● **SOURCE RECORDS**:
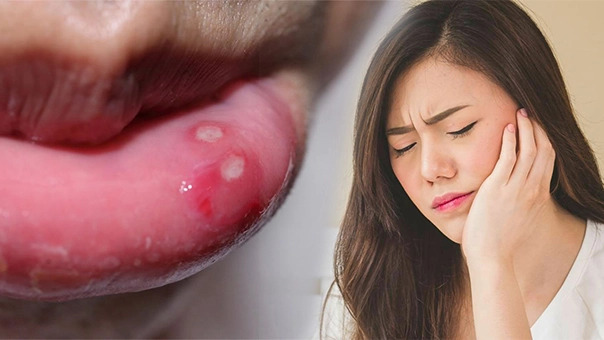 Top những loại thuốc trị nhiệt miệng hiệu quả nhất hiện nay 6 Top Những Loại Thuốc Trị Nhiệt Miệng Hiệu Quả Nhất Hiện Nay
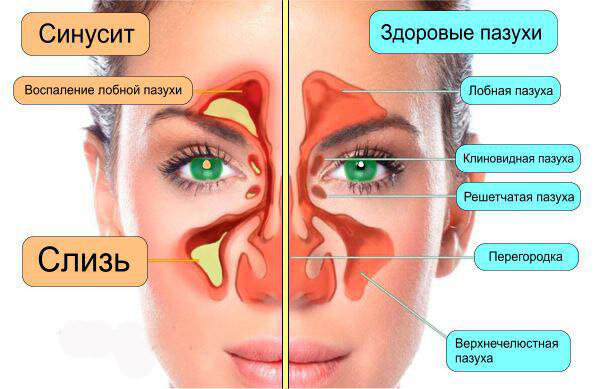 Хроническая заложенность носа у взрослых. Риносинусит острый риносинусит. Различие синусита и гайморита. Гайморит синусит фронтит ринит. Синусит фронтит гайморит разница.
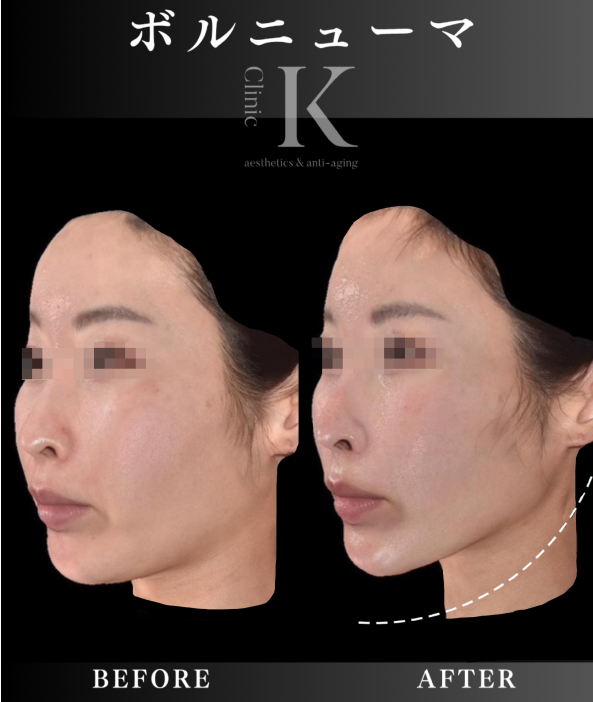 クリケイのボルニューマはこれらのお悩みにガッツリアプローチ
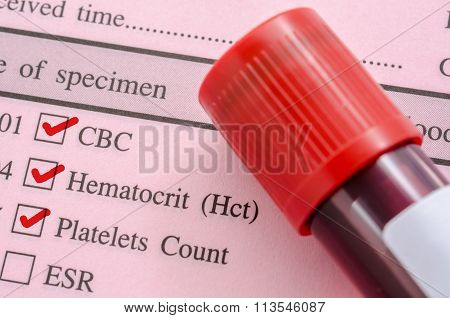 Cbc, Hemotocrit, Platelets Count With Request Screening Test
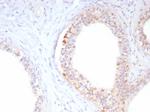 ROS1 Antibody in Immunohistochemistry (Paraffin) (IHC (P))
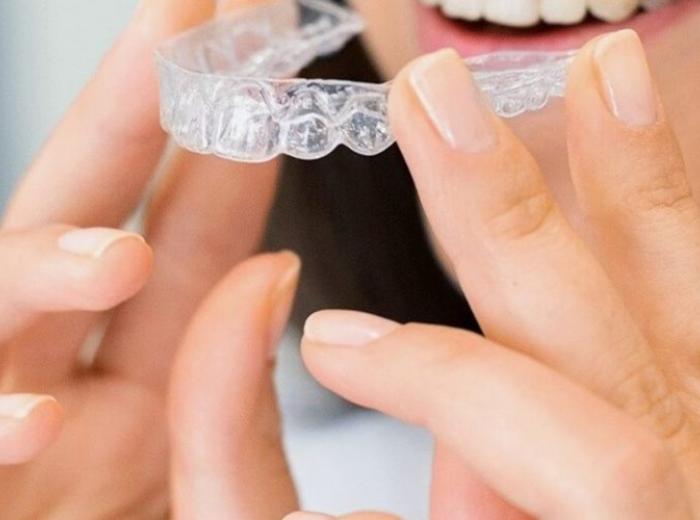 Are At-Home Teeth Aligners Safe?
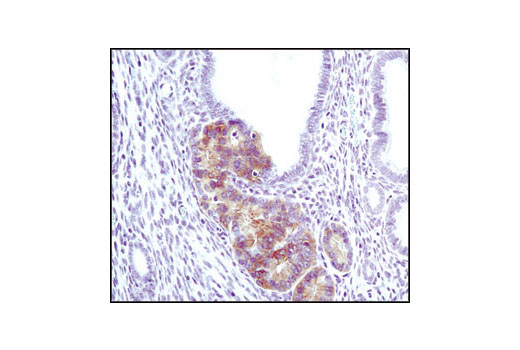 Immunohistochemistry Image 2: Phospho-Akt (Ser473) (D9E) XP® Rabbit mAb (BSA and Azide Free)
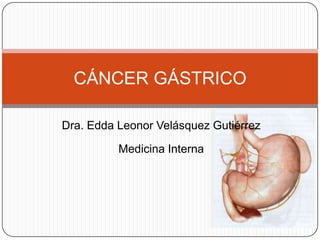 CÁNCER GÁSTRICO

Dra. Edda Leonor Velásquez Gutiérrez

          Medicina Interna
 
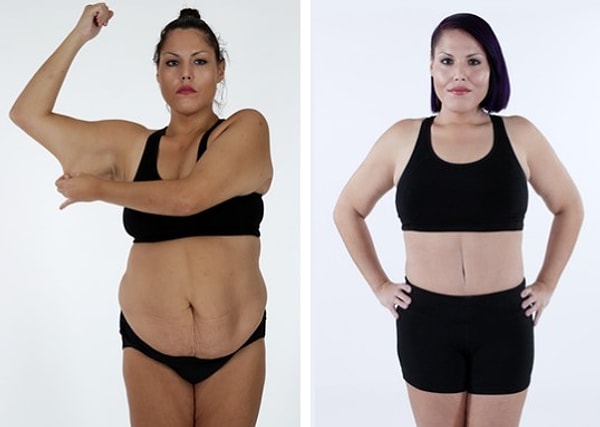 После того как Ялене удалили 11 кг лишней кожи, она наконец смогла почувствовать себя красивой.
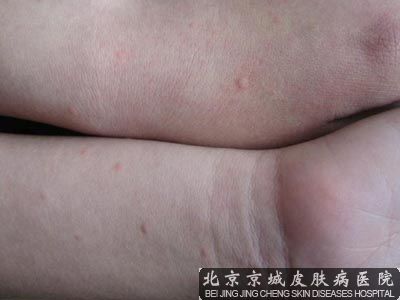 小儿丘疹性荨麻疹的注意事项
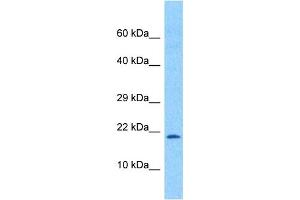 Host:  Rabbit  Target Name:  TCF21  Sample Tissue:  Human Ovary Tumor  Antibody Dilution:  1ug/ml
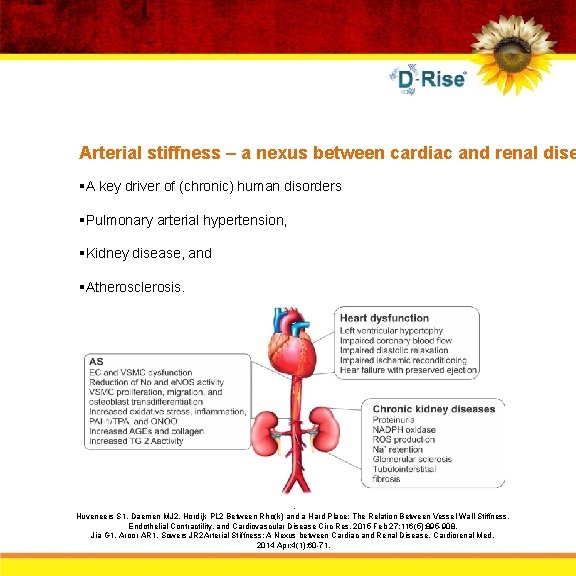 Arterial stiffness – a nexus between cardiac and renal dise §A key driver of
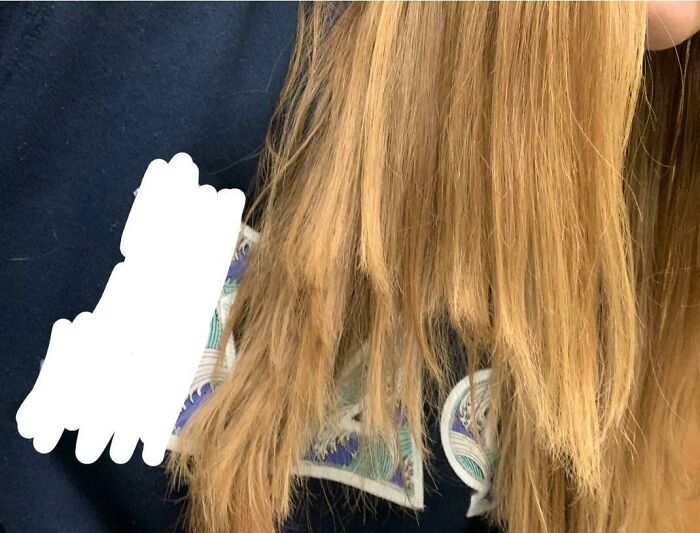 64 People Share The Beauty Procedures They Wish They Could Take Back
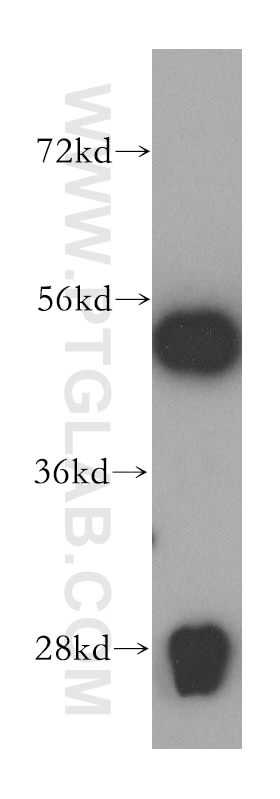 WARS western blot WB 16081-1-AP WARS Antibody GAMMA-2; IFI53; IFP53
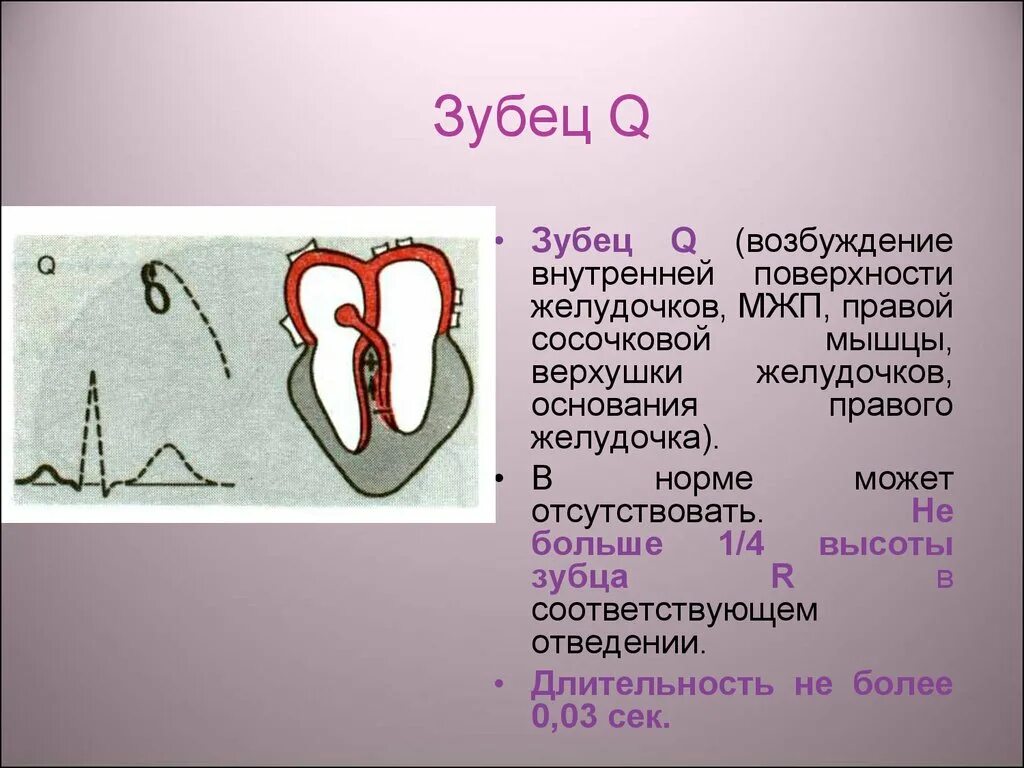 Изменение зубца q. Зубец q > 1/3 зубца r. Зубец q на ЭКГ В норме. Формирование патологического зубца q. Патологический зубец q на ЭКГ.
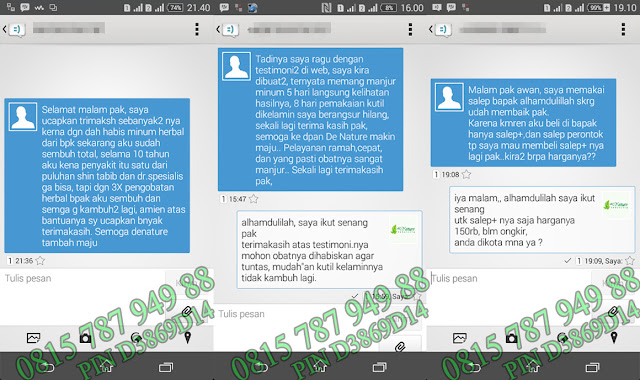 testimoni obat kutil kelamin de nature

● **DESCRIPTION OF THE TASK**: Write out word for word the lines of the listing above from the line with "Cbc, Hemotocrit, Platelets" to the line with "小儿丘疹性荨麻疹的注意事项", taking in both of those lines but no pictures.

● **ANSWER SECTION**:
 Cbc, Hemotocrit, Platelets Count With Request Screening Test
 ROS1 Antibody in Immunohistochemistry (Paraffin) (IHC (P))
 Are At-Home Teeth Aligners Safe?
 Immunohistochemistry Image 2: Phospho-Akt (Ser473) (D9E) XP® Rabbit mAb (BSA and Azide Free)
 CÁNCER GÁSTRICO

Dra. Edda Leonor Velásquez Gutiérrez

          Medicina Interna
 
 После того как Ялене удалили 11 кг лишней кожи, она наконец смогла почувствовать себя красивой.
 小儿丘疹性荨麻疹的注意事项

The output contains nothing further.